======== Source data
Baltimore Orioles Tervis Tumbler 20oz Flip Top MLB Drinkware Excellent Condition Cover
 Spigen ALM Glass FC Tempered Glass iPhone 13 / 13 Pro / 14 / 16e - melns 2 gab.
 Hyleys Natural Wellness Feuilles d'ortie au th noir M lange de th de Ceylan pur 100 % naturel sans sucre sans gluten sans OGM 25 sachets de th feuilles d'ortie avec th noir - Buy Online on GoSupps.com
================
## What needs to be done:
Each line from the one containing "Spigen ALM Glass" to the final line above should be written out exactly; please omit the others.

## Response:
 Spigen ALM Glass FC Tempered Glass iPhone 13 / 13 Pro / 14 / 16e - melns 2 gab.
 Hyleys Natural Wellness Feuilles d'ortie au th noir M lange de th de Ceylan pur 100 % naturel sans sucre sans gluten sans OGM 25 sachets de th feuilles d'ortie avec th noir - Buy Online on GoSupps.com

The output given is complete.